山水诗的兴盛当始于南朝,由于社会情况比较安定,经济发展,农业手工业发达,商业和交通运输活跃,出现了许多经济繁荣的城市。富裕的物质生活必然成为滋生帝王和士族日益荒淫腐朽的温床,建造园囿互相攀比,佛寺建造更是渐成风气,“南朝四百八十寺,多少楼台烟雨中”。丰富的自然人文旅游资源为文学作品创作提供了取之不尽的创作源泉。此时旅游文学成就最大的为山水诗,因登临山水很早就成为士族阶级悠闲享乐生活的一部分,而政治上的失意,往往“肆意游遨”,将怀才不遇的怅惘凝聚于诗歌之中,佳山秀水往往使其忘却烦恼,而精心描摹山水之美,山水诗成为诗歌中支柱性的题材,谢灵运、鲍照、谢朓,都是开创山水诗派的诗人。谢灵运的名章迥句,“野旷沙岸净,天高秋月明”;“池塘生春草,园柳变鸣禽”;“明月照积雪,朔风劲且衰”;“白云抱幽石,绿筱媚清涟”,自然贴切,极貌写物,具有很高的艺术技巧。
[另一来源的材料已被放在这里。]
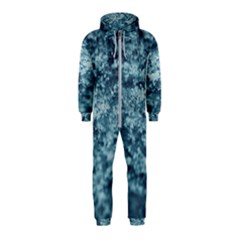 Water Splash Texture  Hooded Jumpsuit (kids)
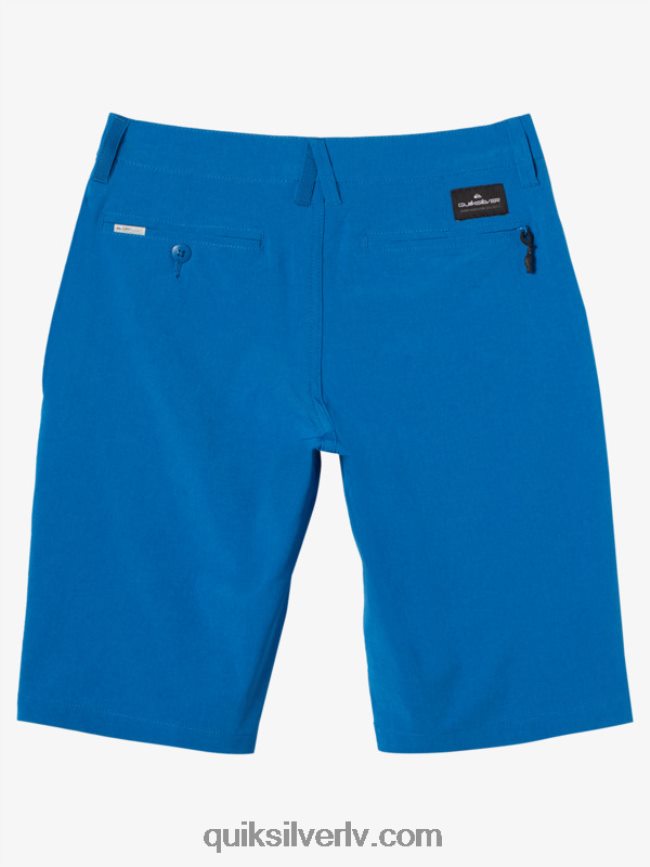 zēni Quiksilver 8-16 savienība viršu abinieku 20 dēļu šorti snorkel zils 88064R2058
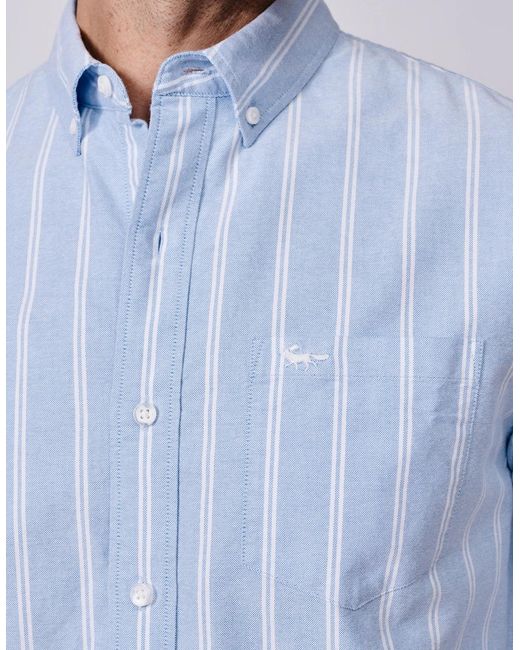 aubi Blue Aldridge Oxford Button Down Shirt for men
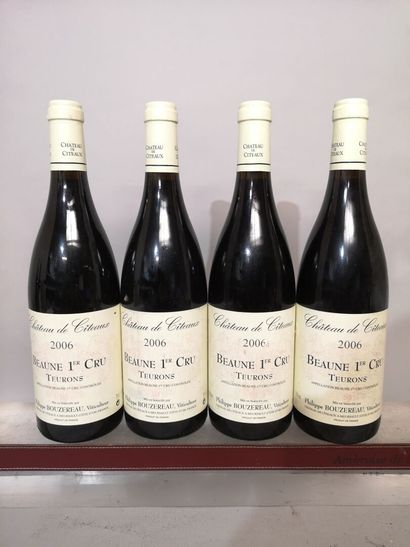 null 4 bouteilles BEAUNE 1er cru "Teurons" - Domaine Philippe BOUZEREAU (Château...
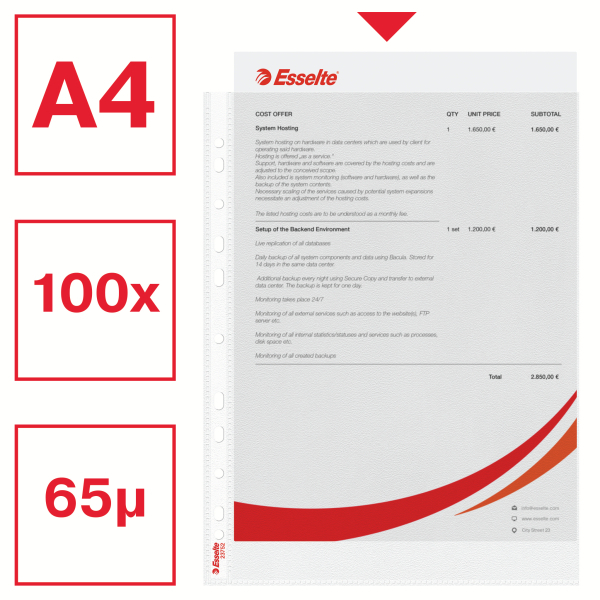 100 TAS PP GESTRUCT. A4,ALG.PERF.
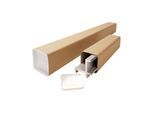 ratioform Versandhülse, quadratisch, braun, Innen-LxBxH 700 x 150 x 150 mm, A2, Palette mit VE 70 Stk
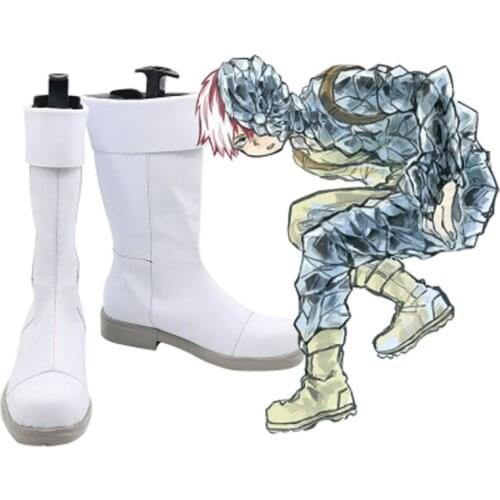 Anime Boku no Hero Academia Boots Todoroki Shoto Cosplay My Hero Academia Shoes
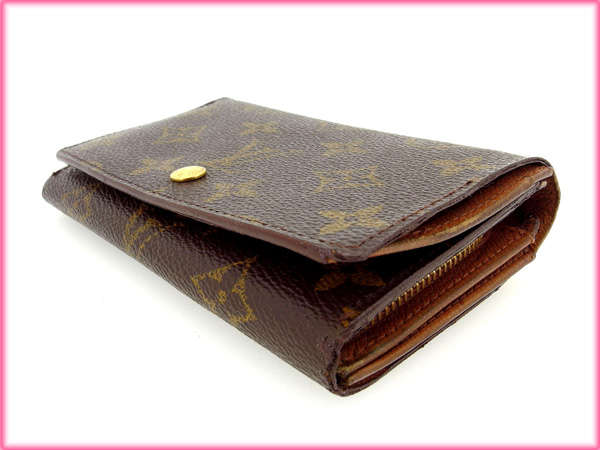 LOUIS VUITTON Long Wallet Purse M61730 Brown /Porte Monnaie-Viet-Trésor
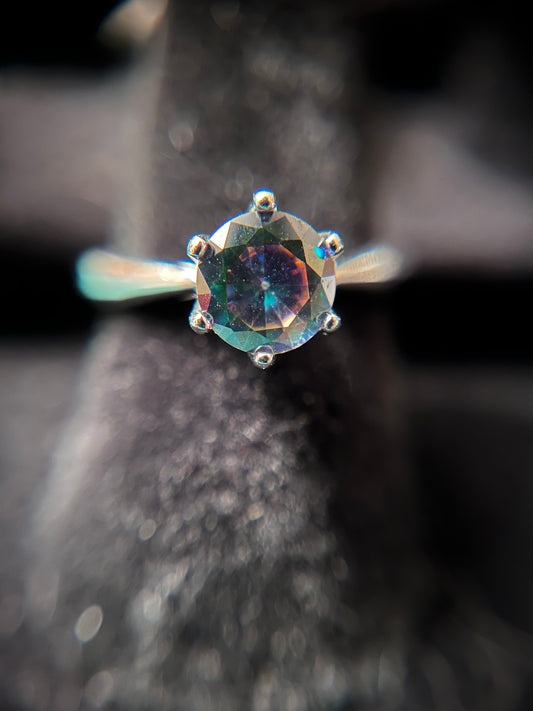 Moissanite Diamond Ring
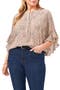 Flutter Sleeve Cheetah Dreams Pintuck Top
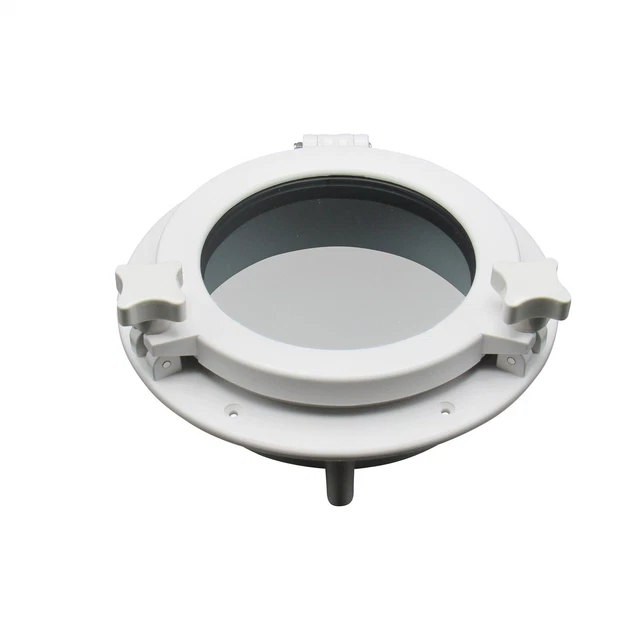 ROUND MARINE SHIP Porthole Window in White 215MM x 160MM (Boat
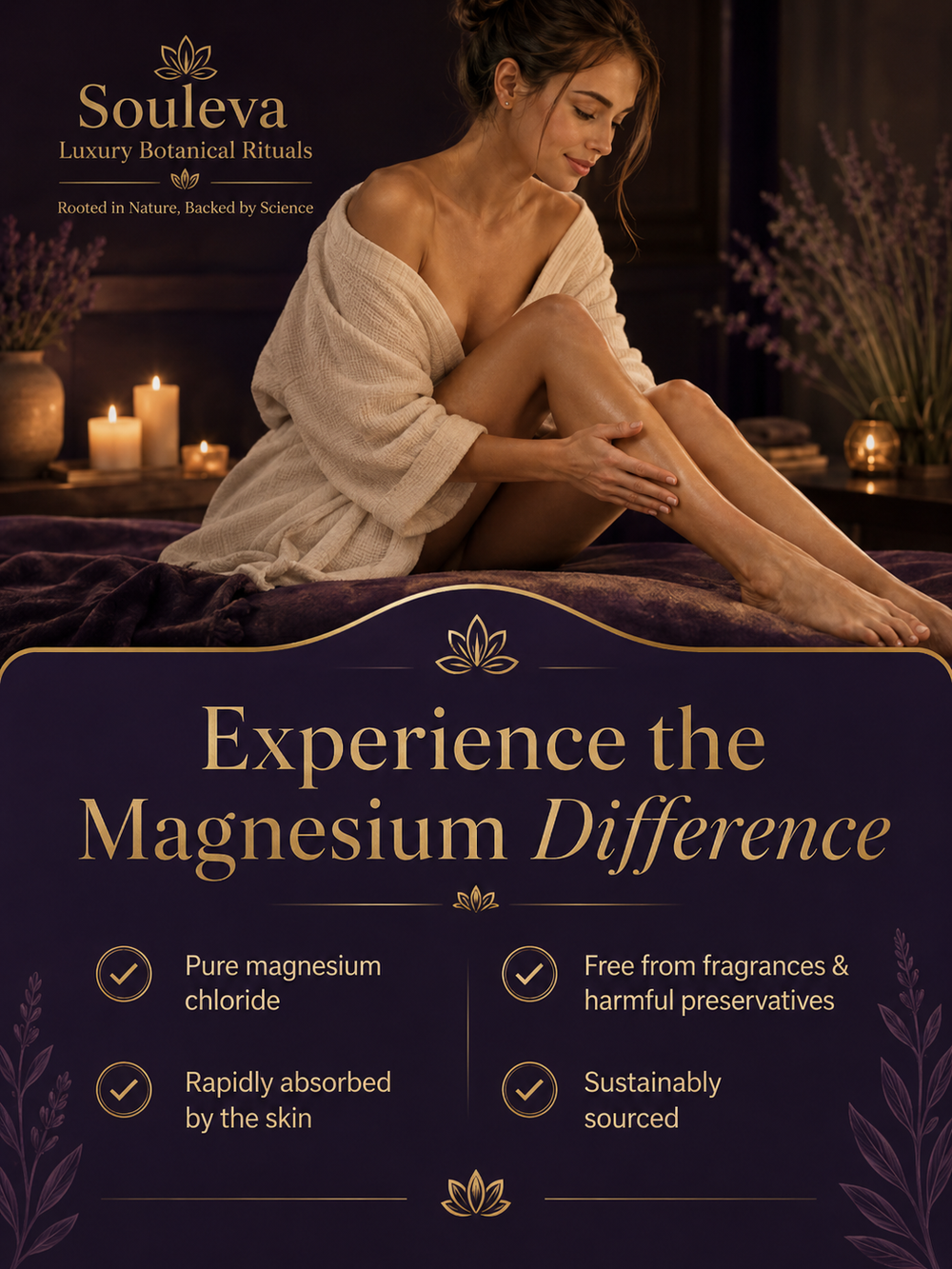 Calm Mind+ Transdermal Magnesium Oil Spray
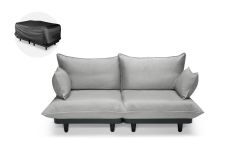 Fatboy Paletti Royal - Καναπές Διθέσιος Από Ύφασμα Olefin 190x100x90 I Wolf Grey 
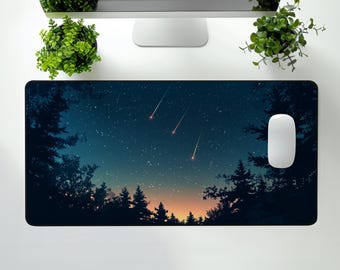 Tapete de escritorio Starry Night: decoración de oficina con diseño de galaxia, antideslizante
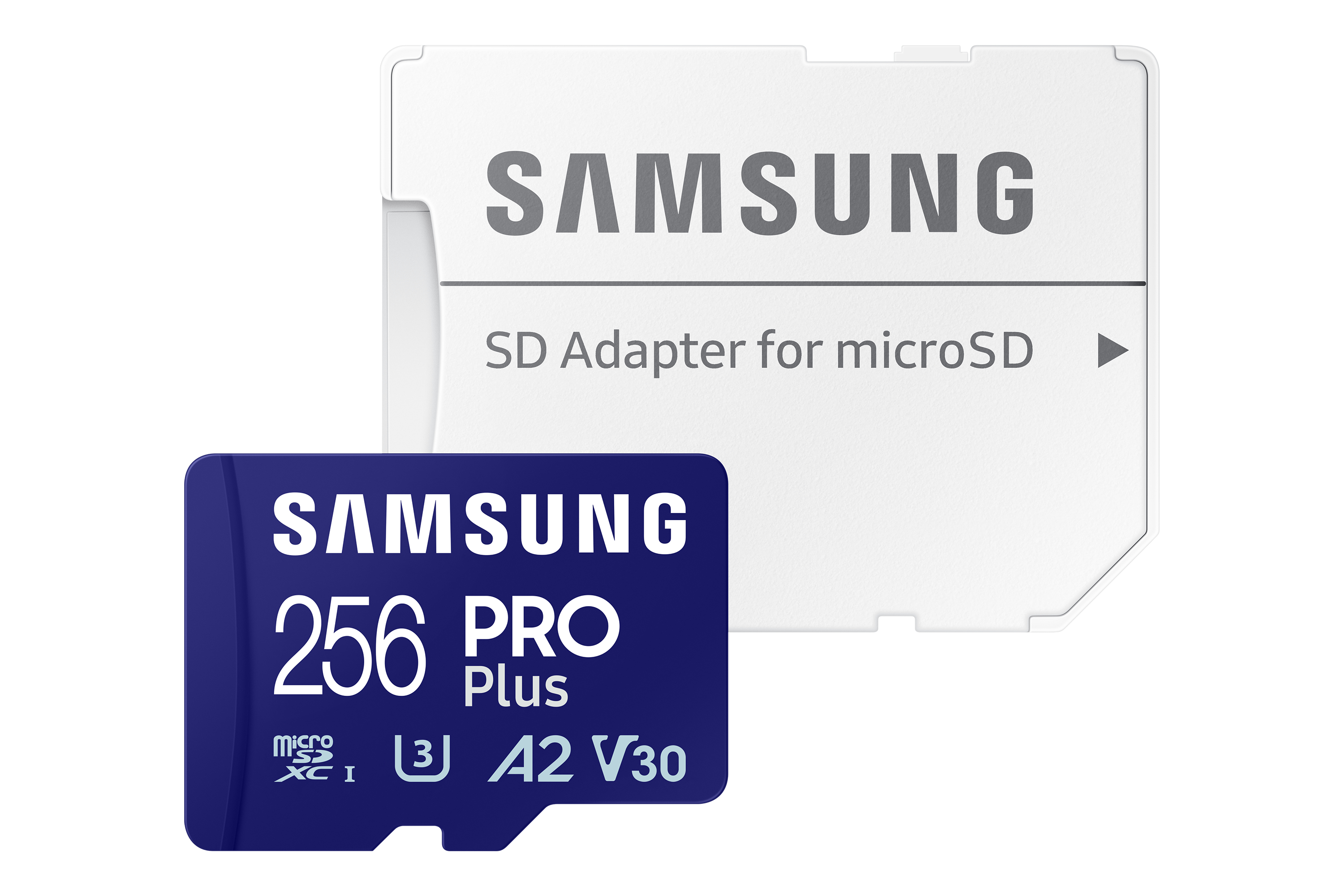 Samsung PRO Plus MB-MD256SA - Flash-Speicherkarte (microSDXC-an-SD-Adapter inbegriffen), Ansicht 4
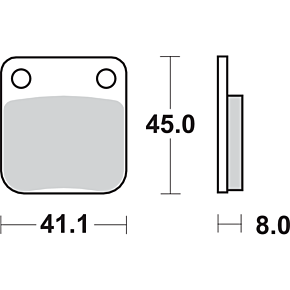 Sbs Off-Road Sintered Brake Pads 536SI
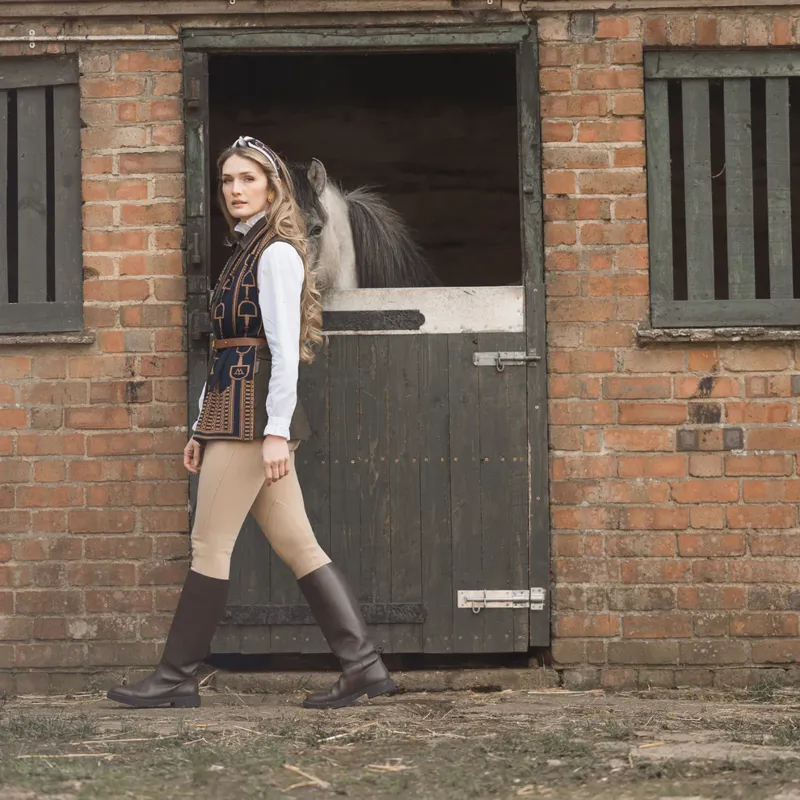 Waring Brooke Snaffled Scarf - Tan/Taupe-1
可以说是天地精灵之气的化身,正是由于他们开创山水诗派,因而为唐代山水诗奠定了基础,使之迅速成熟并登峰造极。
与诗歌几乎同步的游记散文创作别开生面,北朝的郦道元《水经注》、杨衒之的《洛阳伽蓝记》一写自然,一写人文,都是很有学术价值的游记散文。郦道元看似为《水经》作注,其实将自己亲历的山川风土、历史掌故融会其中,其中《江水注》中的“三峡”一节,千古传诵,脍炙人口:
自三峡七百里中,两岸连山,略无阙处。重岩叠嶂,隐天蔽日,自非亭午夜分,不见曦月。至于夏水襄陵,沿溯阻绝。或王命急宣,有时朝发白帝,暮到江陵,其间千二百里,虽乘奔御风,不以疾也。春冬之时,则素湍绿潭,回清倒影。绝多生怪柏,悬泉瀑布,飞漱其间,清荣峻茂,良多趣味。每至晴初霜旦,林寒涧肃,常有高猿长啸,属引凄异。空谷传响,哀转久绝。故渔者歌曰:“巴东三峡巫峡长,猿鸣三声泪沾裳!”(www.xing528.com)
东晋末的陶渊明,则另辟蹊径,他不肯降志辱身,为五斗米折腰,于是爱慕自然,企羡隐逸,“诗书敦夙好,园林无世情”“静念园林好,人间良可辞”。他的田园诗充满了对纯洁田园的热爱。而他写的《桃花源记》不像郦道元忠实记叙景观之美,而是构思出“桃花源”的理想境界,宁静安逸、淳朴自然:
土地平旷,屋舍俨然,有良田美池桑竹之属,阡陌交通,鸡犬相闻。其中往来种作,男女衣着,悉如外人。黄发垂髫,并怡然自乐。
可见山水游记诗和文学,一开始就达到了相当高的成就,郦道元重纪实,陶渊明重理想,为山水文学开创了现实主义和浪漫主义的源头,为古典诗文开辟了一个新的境界,不仅影响漫长的封建社会,而且对近现代旅游文学产生了深广的影响。